Quoted from 27dnast:I’m pretty much right there with you... know what you mean.
He’s saying that it’s planned. And he’s also indicating there’s a good shot that spike games could simply become paper weights due to a poorly conceived system... one that they might be showing a commitment to supporting 8-10 years out. That’s a serious accusation against a company that’s selling high dollar value items to collectors.
I’d certainly like to hear why Stern has to say about this.

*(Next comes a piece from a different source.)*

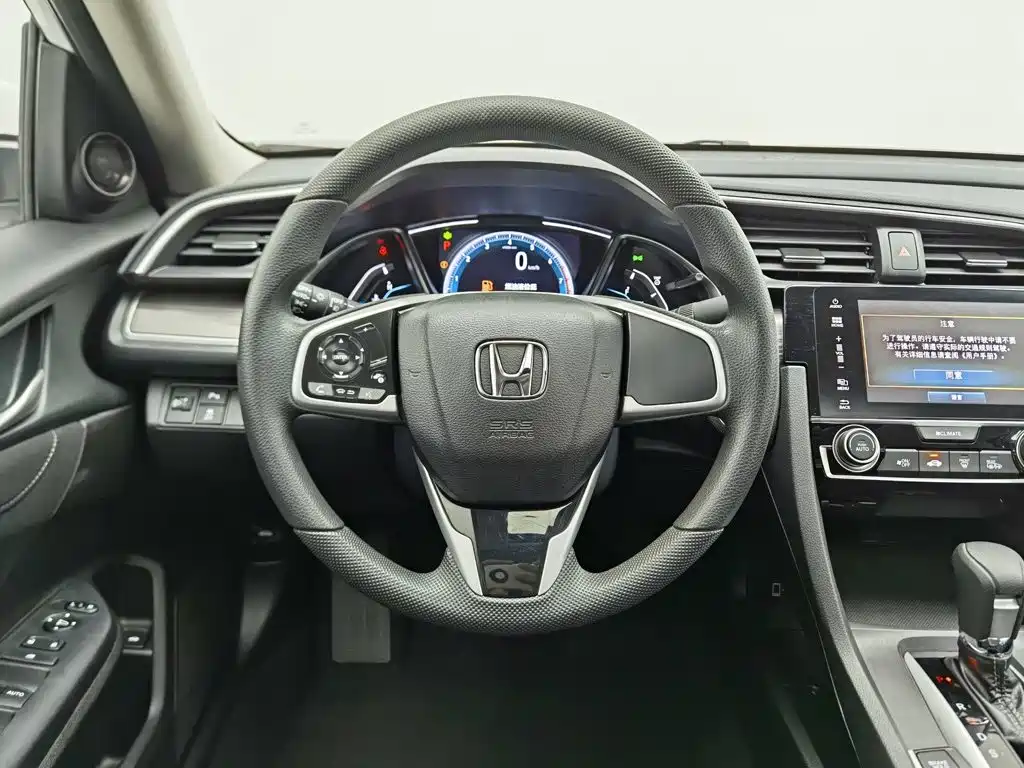 Honda Civic 2022 — фото 11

I'd like to hear what Stern has to say as well. We had George Gomez giving a speech about the supposed benefits of the Spike system at it's introduction, and then he also mentioned that we'd be getting schematics (more than once), but that has not happened to this point, which concerns me. I would be interested in hearing what Stern has to say about their Spike system in retrospect, knowing what they know now, and answering some hardball questions, but what if they're actually displeased with Spike and the warranty repair issues it's had with board failures (and having to send out replacement boards and having to make system revisions on the fly). There's no way I can see them getting up in front of all of us and saying publicly "Sorry guys, we f*cked up here". They'd have to spin it so as to not cause panic among their best customers.
I also don't know how you could prove the planned obsolescence thing, unless you had some documentation of a Stern staff meeting where they were specifically talking about it as part of a plan. Without that, how could you prove obsolescence was on purpose and not just a natural technical evolution.
Man... it's too early in the morning to be using such long words repeatedly.